Restate word for word the lines of the records below, starting at the line that contains "Vestido Cerimonia Renda e Seda Selvagem" and ending at the line that contains "Rolex Datejust 36", with both of those lines included and nothing else.

***** Task inputs *****

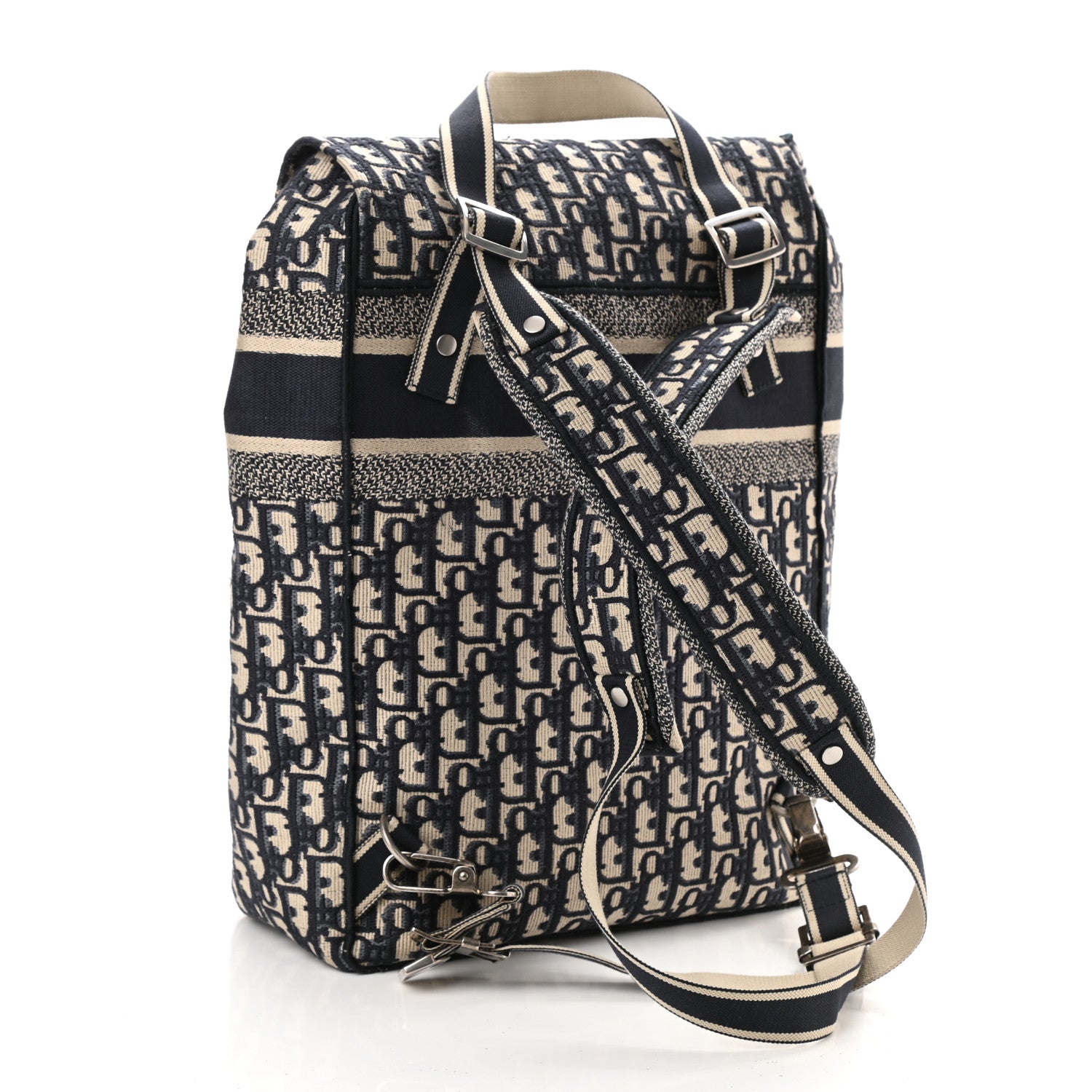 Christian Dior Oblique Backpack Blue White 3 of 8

*****
***** Task inputs *****

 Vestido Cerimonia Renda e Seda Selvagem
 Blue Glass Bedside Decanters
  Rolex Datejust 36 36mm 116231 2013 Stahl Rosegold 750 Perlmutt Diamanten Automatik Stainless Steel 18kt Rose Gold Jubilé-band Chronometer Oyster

*****
***** Task inputs *****

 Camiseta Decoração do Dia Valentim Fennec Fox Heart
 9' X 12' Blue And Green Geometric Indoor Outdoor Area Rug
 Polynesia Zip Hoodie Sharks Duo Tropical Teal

*****

## Exercise answer
 Vestido Cerimonia Renda e Seda Selvagem
 Blue Glass Bedside Decanters
  Rolex Datejust 36 36mm 116231 2013 Stahl Rosegold 750 Perlmutt Diamanten Automatik Stainless Steel 18kt Rose Gold Jubilé-band Chronometer Oyster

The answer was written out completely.